**Your objective:** No pictures go into the copy. Write out exactly the lines below from the one containing "Video preview image" through the one containing "Squinkies 2 Adventure Mall Surprize!".

**Task inputs:**
------------

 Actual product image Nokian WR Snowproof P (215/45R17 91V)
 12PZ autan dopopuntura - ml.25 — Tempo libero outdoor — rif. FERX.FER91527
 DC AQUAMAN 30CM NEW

------------

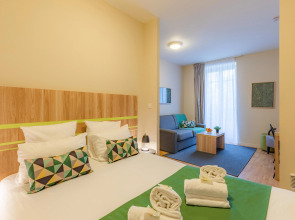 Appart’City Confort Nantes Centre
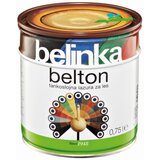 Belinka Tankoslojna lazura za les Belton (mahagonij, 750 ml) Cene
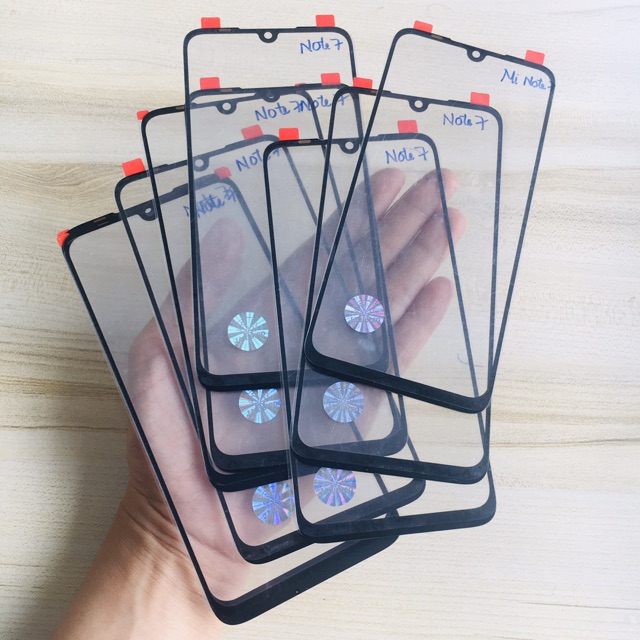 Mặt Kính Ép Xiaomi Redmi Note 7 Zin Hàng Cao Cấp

------------

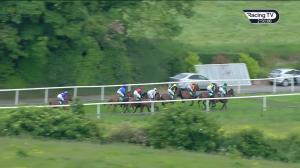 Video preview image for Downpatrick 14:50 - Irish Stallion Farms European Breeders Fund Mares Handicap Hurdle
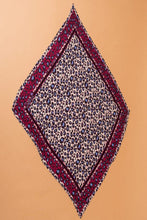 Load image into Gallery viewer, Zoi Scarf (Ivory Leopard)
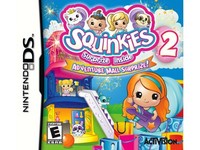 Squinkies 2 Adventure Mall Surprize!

------------

**Written answer:**
 Video preview image for Downpatrick 14:50 - Irish Stallion Farms European Breeders Fund Mares Handicap Hurdle
 Load image into Gallery viewer, Zoi Scarf (Ivory Leopard)
 Squinkies 2 Adventure Mall Surprize!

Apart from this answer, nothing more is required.